* What is needed
All lines from the one that contains "Chambre d'hôtel avec" through the final line of the entries must be repeated exactly. No other lines belong in the output.

Record extracts Start Marker

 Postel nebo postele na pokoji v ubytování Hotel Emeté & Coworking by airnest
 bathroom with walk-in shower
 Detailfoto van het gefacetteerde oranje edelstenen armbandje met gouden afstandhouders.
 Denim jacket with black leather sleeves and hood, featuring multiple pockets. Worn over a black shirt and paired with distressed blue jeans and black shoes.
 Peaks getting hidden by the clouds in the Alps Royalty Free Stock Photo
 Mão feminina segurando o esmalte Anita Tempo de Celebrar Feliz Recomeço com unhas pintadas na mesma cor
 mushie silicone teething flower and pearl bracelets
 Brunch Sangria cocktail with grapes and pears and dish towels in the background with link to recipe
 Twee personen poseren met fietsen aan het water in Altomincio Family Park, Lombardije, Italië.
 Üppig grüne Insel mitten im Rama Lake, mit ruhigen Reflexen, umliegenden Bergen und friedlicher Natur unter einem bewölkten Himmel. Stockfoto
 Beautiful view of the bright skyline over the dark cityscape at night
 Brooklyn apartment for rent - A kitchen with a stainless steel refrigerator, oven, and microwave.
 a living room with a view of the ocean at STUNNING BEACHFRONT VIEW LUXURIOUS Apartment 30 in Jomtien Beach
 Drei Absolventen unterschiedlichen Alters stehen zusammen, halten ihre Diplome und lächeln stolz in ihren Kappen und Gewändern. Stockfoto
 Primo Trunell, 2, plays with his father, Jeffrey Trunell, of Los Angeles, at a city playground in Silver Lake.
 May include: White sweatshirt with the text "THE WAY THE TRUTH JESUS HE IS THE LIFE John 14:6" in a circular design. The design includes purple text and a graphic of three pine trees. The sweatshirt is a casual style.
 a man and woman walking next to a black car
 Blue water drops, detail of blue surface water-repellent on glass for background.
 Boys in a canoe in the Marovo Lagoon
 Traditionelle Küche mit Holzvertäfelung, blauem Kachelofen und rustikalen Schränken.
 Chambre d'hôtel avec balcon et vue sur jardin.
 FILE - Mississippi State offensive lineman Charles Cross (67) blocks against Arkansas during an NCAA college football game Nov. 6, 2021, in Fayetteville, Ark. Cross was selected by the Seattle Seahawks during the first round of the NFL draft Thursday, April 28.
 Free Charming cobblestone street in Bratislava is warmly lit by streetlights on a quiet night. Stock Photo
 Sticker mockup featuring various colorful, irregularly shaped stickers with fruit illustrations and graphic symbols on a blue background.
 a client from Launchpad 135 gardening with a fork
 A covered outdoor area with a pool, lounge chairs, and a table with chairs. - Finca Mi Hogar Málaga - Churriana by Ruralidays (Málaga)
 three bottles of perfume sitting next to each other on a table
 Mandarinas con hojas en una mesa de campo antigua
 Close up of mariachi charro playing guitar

Record extracts End Marker

* Task response
 Chambre d'hôtel avec balcon et vue sur jardin.
 FILE - Mississippi State offensive lineman Charles Cross (67) blocks against Arkansas during an NCAA college football game Nov. 6, 2021, in Fayetteville, Ark. Cross was selected by the Seattle Seahawks during the first round of the NFL draft Thursday, April 28.
 Free Charming cobblestone street in Bratislava is warmly lit by streetlights on a quiet night. Stock Photo
 Sticker mockup featuring various colorful, irregularly shaped stickers with fruit illustrations and graphic symbols on a blue background.
 a client from Launchpad 135 gardening with a fork
 A covered outdoor area with a pool, lounge chairs, and a table with chairs. - Finca Mi Hogar Málaga - Churriana by Ruralidays (Málaga)
 three bottles of perfume sitting next to each other on a table
 Mandarinas con hojas en una mesa de campo antigua
 Close up of mariachi charro playing guitar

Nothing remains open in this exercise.